Sylvia Whitman and her father, George, are in his room above the Shakespeare… (For The Times, Devorah Lauter )
Reporting from Paris — They used to catch glimpses of him shuffling among the stacks in his English-language bookshop facing Notre Dame Cathedral, the white-haired Shakespearean king revered and feared by his subjects, who depended on him to avoid a train ride home, or worse, a job.
They would get to know George Whitman's spitfire wit, unpredictable temper and unending generosity after sleeping in his shop, where he has put up thousands of struggling writers and wandering youths in the 60 years since he opened Shakespeare and Company.
He was the kind of man who never spent a cent on himself; he'd light his hair on fire with a candle because it was a cheap way to get a trim. (He occasionally used the technique on customers, whether or not they knew what was coming.)

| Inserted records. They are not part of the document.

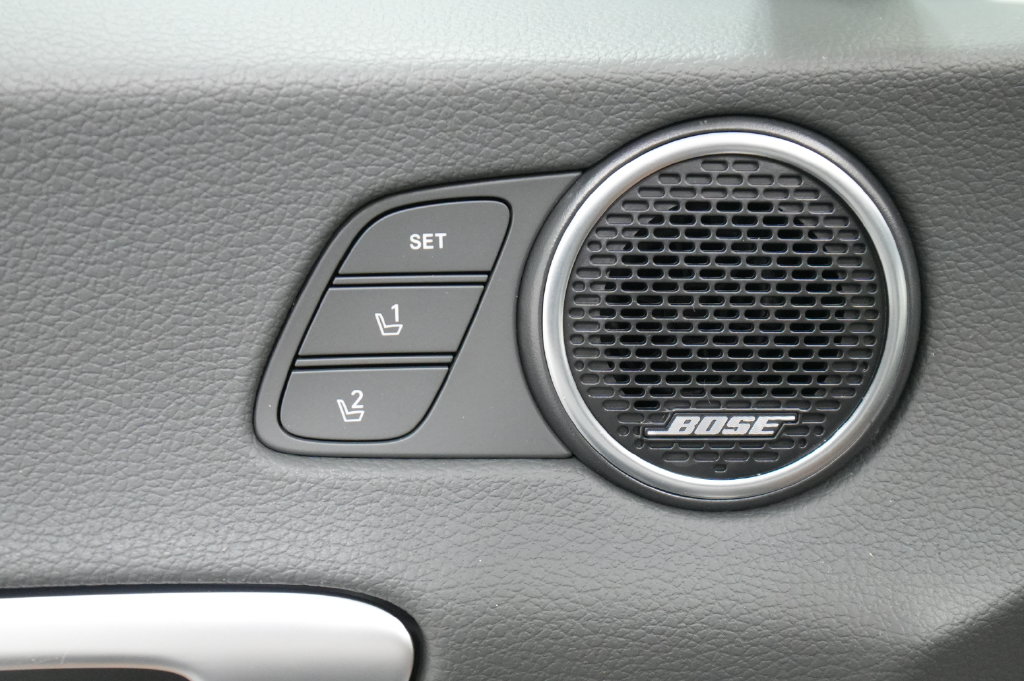 2026 Hyundai Sonata Hybrid
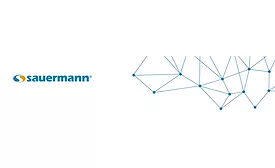 Sauermann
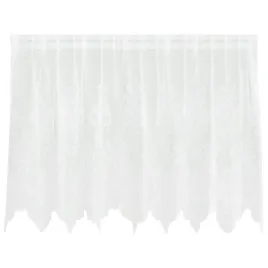 zaslona-koronkowa-elegant-lace-biala-120-x-200-cm-poliester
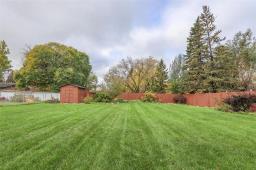 620 Harstone Road, Winnipeg, MB R3R1C9 Photo 36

He's such a legend that it's no wonder a lot of customers at the bookshop on Rue de la Bucherie ask whether Whitman, an American born in 1913, is still alive. (More on that later.)
And they wonder whatever happened to the little daughter he used to carry on his shoulders through warmly lighted narrow nooks or leave sitting in the shop window with the cat.
Sylvia Whitman, a 30-year-old with a ready smile and a fairy-blond crop of curls, likes telling about the occasional customer who inquires whether the proprietor's daughter is alive, doubtful she could have survived a childhood spent in a "very beatnik" Shakespeare and Company frequented by the likes of Allen Ginsberg and William Burroughs.
"I would have been crazy if I'd grown up here," she says. "I'd be on drugs."
Sylvia left that world behind at age 7 with her mother and became estranged from her father. But now, a kind of Cordelia to Whitman's King Lear, she has fallen for him and the store.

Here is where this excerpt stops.